# [Exercise requirements]
In the entries below, the lines from the one with "Large antique old" through the one with "Tantalizing Japanese girl" are to be copied exactly; both ends count.

# [The input]
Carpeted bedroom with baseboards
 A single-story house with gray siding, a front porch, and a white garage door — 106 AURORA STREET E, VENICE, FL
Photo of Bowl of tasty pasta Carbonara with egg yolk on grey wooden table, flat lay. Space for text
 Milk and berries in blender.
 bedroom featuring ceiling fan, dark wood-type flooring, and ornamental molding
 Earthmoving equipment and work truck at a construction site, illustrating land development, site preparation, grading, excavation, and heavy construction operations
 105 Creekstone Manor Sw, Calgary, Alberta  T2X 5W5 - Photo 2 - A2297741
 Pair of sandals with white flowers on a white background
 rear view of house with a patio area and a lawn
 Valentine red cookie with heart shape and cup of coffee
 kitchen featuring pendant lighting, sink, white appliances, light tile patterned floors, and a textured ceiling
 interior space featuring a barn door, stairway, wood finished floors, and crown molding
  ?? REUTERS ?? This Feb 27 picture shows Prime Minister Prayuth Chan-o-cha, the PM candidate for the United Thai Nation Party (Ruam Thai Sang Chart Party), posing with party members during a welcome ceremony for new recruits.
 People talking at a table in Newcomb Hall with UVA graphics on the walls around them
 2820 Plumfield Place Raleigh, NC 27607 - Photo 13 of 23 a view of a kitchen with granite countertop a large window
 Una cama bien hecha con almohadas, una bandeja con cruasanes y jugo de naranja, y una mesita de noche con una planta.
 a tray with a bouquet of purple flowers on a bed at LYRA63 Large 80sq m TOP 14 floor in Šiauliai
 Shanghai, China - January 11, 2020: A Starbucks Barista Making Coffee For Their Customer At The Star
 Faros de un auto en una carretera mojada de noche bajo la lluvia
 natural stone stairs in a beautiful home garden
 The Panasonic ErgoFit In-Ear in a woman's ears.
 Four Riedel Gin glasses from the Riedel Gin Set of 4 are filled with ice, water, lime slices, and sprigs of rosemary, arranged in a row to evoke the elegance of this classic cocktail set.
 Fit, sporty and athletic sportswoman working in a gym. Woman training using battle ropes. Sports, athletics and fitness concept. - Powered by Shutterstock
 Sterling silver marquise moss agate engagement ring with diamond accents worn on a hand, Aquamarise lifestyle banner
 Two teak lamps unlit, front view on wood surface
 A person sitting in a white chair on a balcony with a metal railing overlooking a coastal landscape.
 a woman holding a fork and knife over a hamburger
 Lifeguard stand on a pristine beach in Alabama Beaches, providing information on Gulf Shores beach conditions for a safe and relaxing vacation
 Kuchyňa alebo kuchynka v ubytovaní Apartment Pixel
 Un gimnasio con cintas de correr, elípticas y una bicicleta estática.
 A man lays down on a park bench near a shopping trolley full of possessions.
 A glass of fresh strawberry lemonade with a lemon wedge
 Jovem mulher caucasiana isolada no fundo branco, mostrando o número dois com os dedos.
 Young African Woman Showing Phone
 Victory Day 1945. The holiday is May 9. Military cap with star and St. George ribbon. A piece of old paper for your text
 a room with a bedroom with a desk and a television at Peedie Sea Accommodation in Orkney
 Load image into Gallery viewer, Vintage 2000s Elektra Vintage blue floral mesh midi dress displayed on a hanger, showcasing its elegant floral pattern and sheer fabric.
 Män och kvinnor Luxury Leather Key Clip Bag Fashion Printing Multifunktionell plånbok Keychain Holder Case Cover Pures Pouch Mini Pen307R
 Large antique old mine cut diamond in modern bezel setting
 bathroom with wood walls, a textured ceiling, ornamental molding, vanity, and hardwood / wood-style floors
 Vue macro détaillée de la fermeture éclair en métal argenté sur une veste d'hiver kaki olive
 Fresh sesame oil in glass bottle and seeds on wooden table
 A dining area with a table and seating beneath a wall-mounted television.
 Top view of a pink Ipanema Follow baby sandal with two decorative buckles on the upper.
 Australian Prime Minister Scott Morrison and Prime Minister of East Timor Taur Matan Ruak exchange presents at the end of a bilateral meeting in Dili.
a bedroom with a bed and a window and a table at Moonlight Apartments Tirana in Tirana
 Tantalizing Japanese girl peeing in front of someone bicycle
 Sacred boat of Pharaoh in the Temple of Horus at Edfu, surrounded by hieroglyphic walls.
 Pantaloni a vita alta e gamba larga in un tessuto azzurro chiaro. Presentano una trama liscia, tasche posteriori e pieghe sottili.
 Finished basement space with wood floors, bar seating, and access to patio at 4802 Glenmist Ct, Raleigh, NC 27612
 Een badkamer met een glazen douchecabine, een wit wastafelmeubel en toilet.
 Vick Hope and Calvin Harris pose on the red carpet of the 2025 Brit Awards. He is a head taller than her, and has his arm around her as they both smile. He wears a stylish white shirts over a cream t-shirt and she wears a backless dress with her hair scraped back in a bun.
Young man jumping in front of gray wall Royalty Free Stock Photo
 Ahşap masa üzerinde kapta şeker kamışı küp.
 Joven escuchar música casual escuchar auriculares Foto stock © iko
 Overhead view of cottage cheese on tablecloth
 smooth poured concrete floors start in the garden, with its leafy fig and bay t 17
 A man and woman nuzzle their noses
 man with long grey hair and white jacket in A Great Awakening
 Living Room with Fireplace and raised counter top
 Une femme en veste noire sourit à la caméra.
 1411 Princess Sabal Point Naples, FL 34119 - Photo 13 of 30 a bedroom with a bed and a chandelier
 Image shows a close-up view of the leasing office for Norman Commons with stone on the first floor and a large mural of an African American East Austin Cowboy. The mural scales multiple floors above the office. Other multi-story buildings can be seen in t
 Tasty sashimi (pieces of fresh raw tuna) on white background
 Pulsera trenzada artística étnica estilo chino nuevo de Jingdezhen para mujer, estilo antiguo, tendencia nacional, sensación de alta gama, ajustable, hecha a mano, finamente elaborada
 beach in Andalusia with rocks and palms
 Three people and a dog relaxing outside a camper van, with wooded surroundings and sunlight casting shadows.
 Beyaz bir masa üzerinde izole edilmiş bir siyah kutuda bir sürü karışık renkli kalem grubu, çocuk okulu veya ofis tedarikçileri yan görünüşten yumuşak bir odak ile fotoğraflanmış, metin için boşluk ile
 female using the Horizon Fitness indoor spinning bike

# [Output below]
 Large antique old mine cut diamond in modern bezel setting
 bathroom with wood walls, a textured ceiling, ornamental molding, vanity, and hardwood / wood-style floors
 Vue macro détaillée de la fermeture éclair en métal argenté sur une veste d'hiver kaki olive
 Fresh sesame oil in glass bottle and seeds on wooden table
 A dining area with a table and seating beneath a wall-mounted television.
 Top view of a pink Ipanema Follow baby sandal with two decorative buckles on the upper.
 Australian Prime Minister Scott Morrison and Prime Minister of East Timor Taur Matan Ruak exchange presents at the end of a bilateral meeting in Dili.
a bedroom with a bed and a window and a table at Moonlight Apartments Tirana in Tirana
 Tantalizing Japanese girl peeing in front of someone bicycle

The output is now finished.